## TASK TO COMPLETE
Your answer must be the exact lines from the one holding "907 - 5 Kenneth" through the last line of the records below, with no pictures.

== RECORD EXTRACTS ==

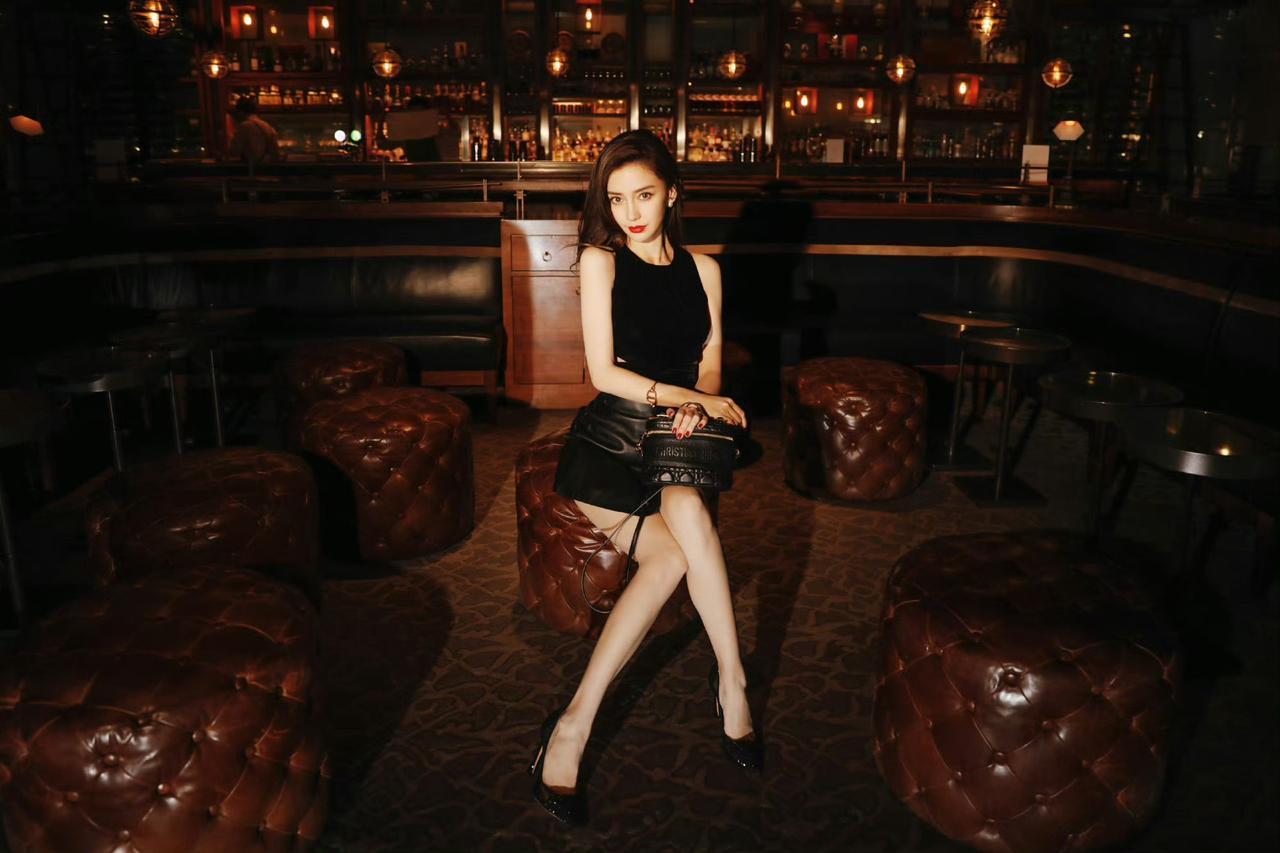 优雅酒吧之夜，红唇与黑裙的完美搭配🍷👠杨颖！！！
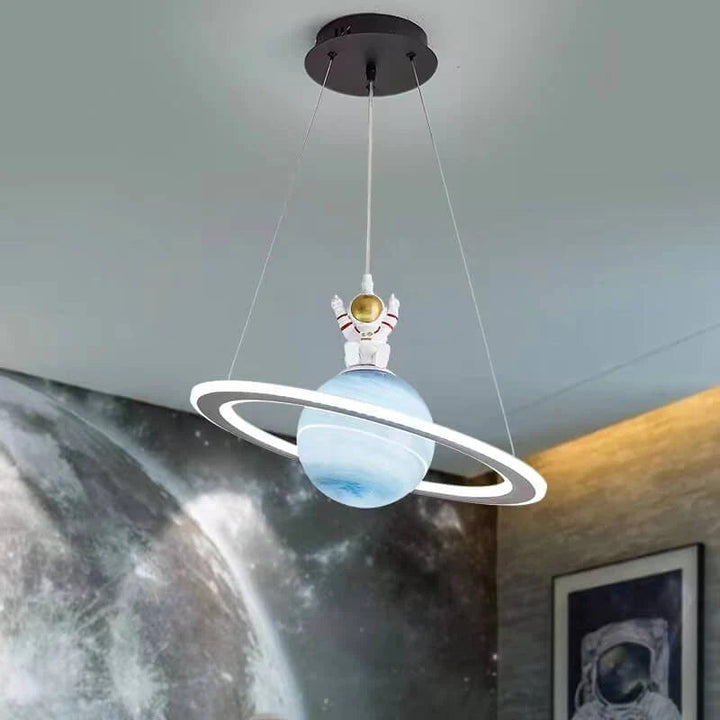 Kind kijkt vol bewondering naar CosmoGlow planeten hanglamp; ideale LED verlichting voor slaapkamer of speelkamer.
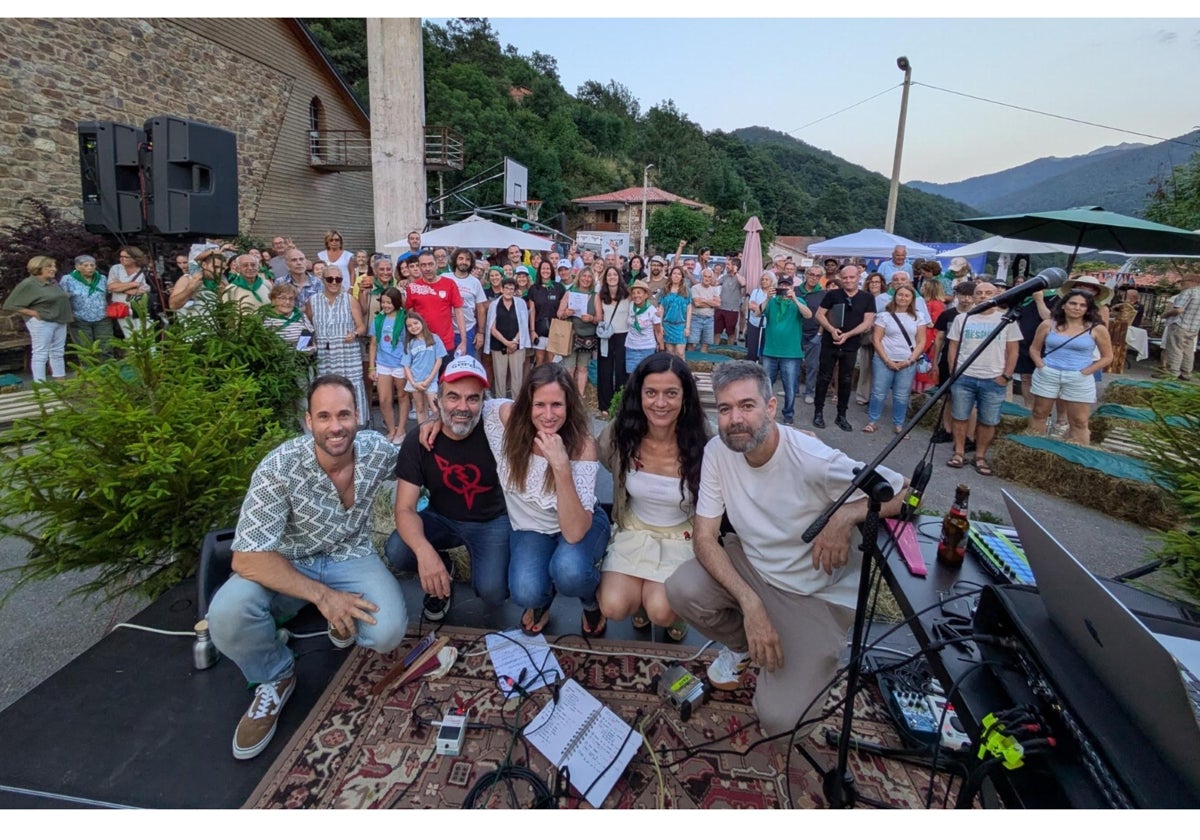 Artistas participantes en Espinama Suena con el público de fondo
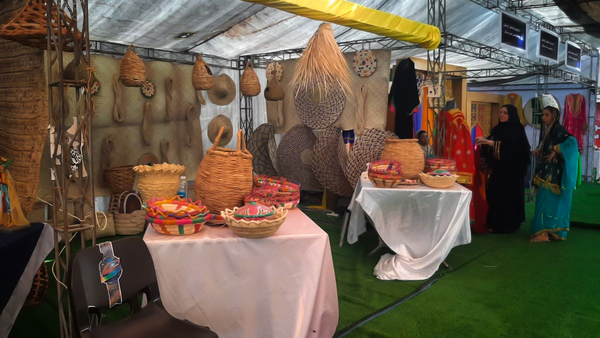 برپایی نمایشگاه صنایع‌دستی هرمزگان همزمان با سفر رئیس‌جمهور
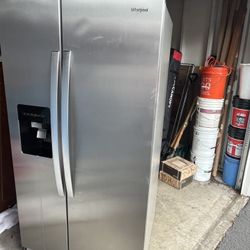 Whirlpool stainless fridge 
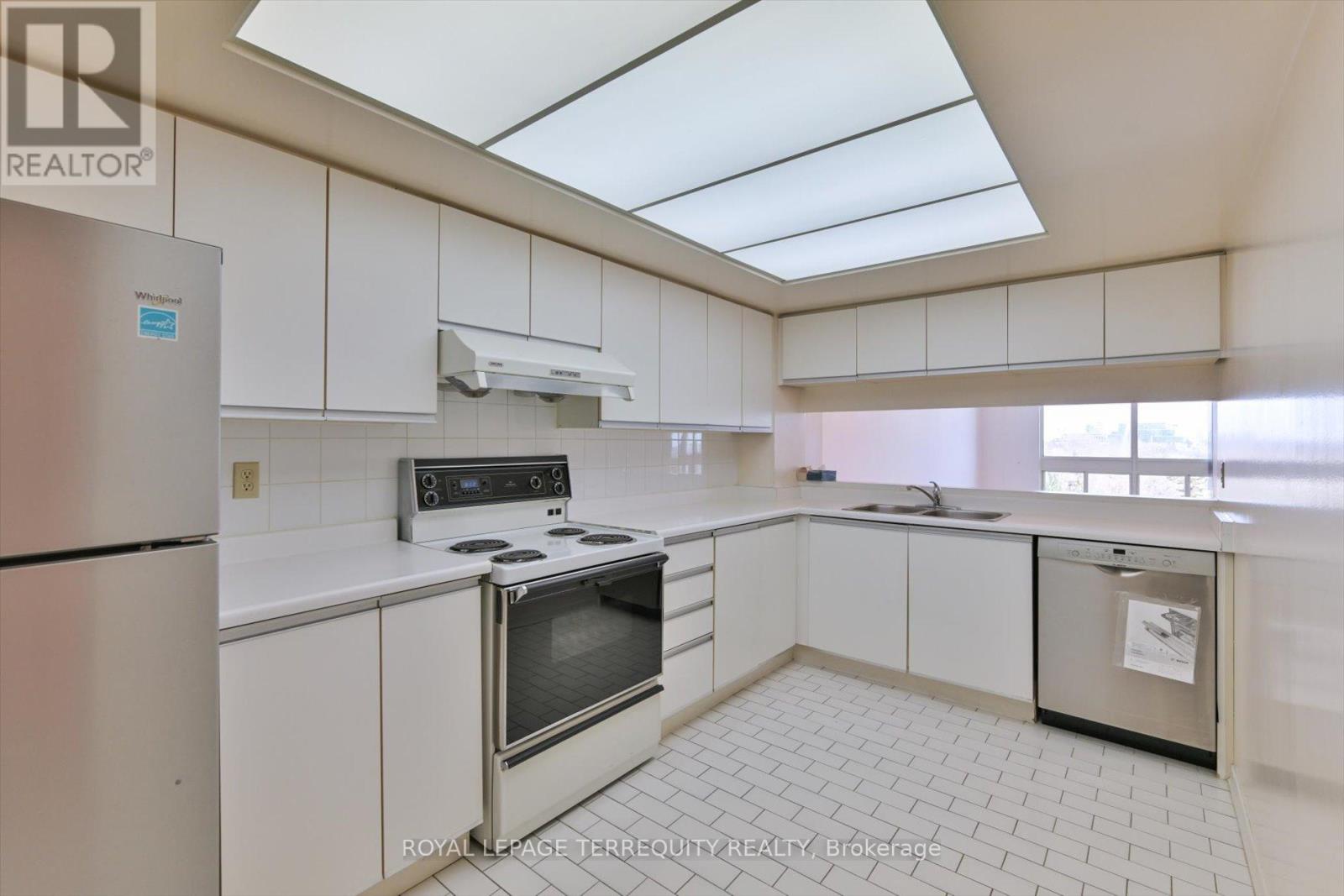 907 - 5 Kenneth Avenue, Toronto, Ontario  M2N 6M7 - Photo 1 - C12805410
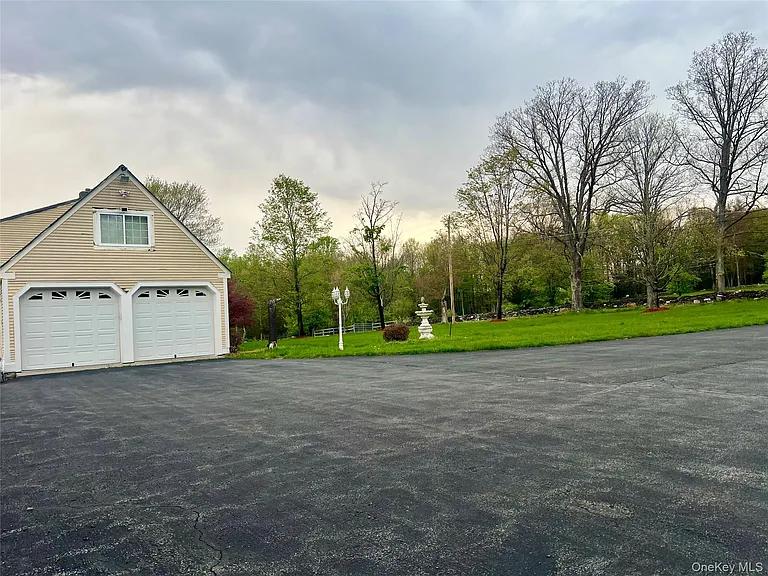 57 Hubbard Rd — Photo 28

===

## ANSWER
 907 - 5 Kenneth Avenue, Toronto, Ontario  M2N 6M7 - Photo 1 - C12805410
 57 Hubbard Rd — Photo 28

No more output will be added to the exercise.